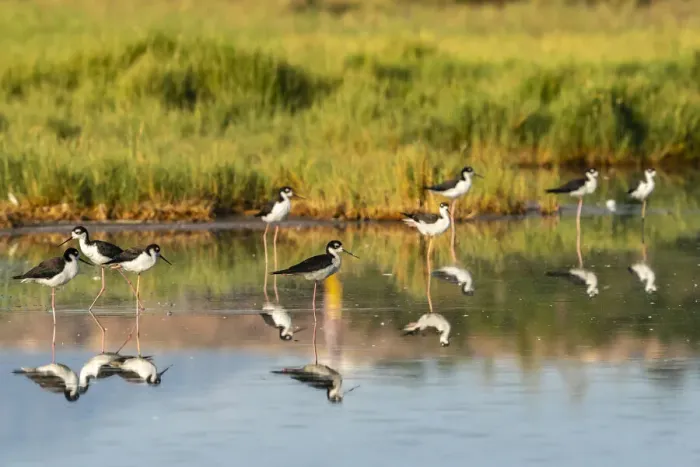 Framed Print : USA, New Mexico, Valencia County. Black-necked stilt birds reflected in water Framed Print : USA, New Mexico, Valencia County. Black-necked stilt birds reflected in water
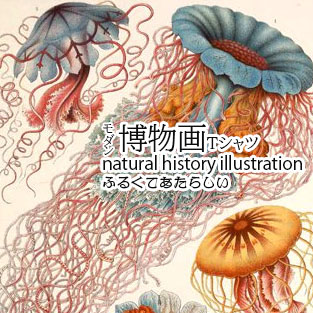 natural history illustration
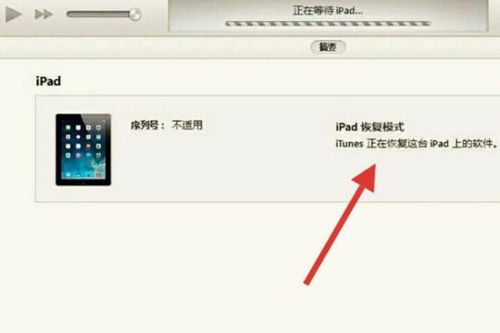 2024年iPhone连接iTunes解锁教程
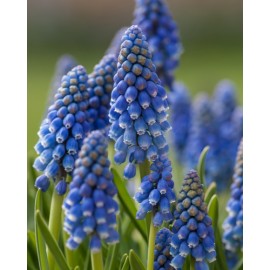 Modřenec - Muscari MIX - 50 ks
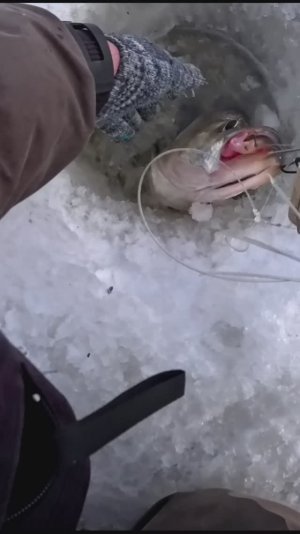 Верхогляд попался.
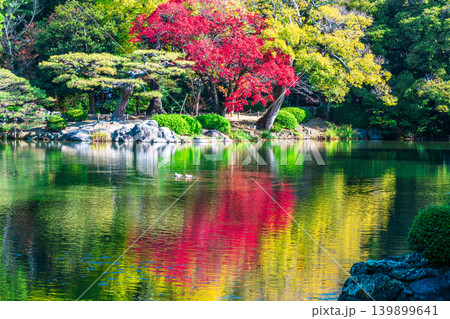 【特別名勝】栗林公園　晩秋の風景　群鴨池と紅葉3　香川県高松市 139899641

_What the task requires_.
The material above should be repeated word for word, with every picture omitted.

_The completed task_.
 Framed Print : USA, New Mexico, Valencia County. Black-necked stilt birds reflected in water Framed Print : USA, New Mexico, Valencia County. Black-necked stilt birds reflected in water
 natural history illustration
 2024年iPhone连接iTunes解锁教程
 Modřenec - Muscari MIX - 50 ks
 Верхогляд попался.
 【特別名勝】栗林公園　晩秋の風景　群鴨池と紅葉3　香川県高松市 139899641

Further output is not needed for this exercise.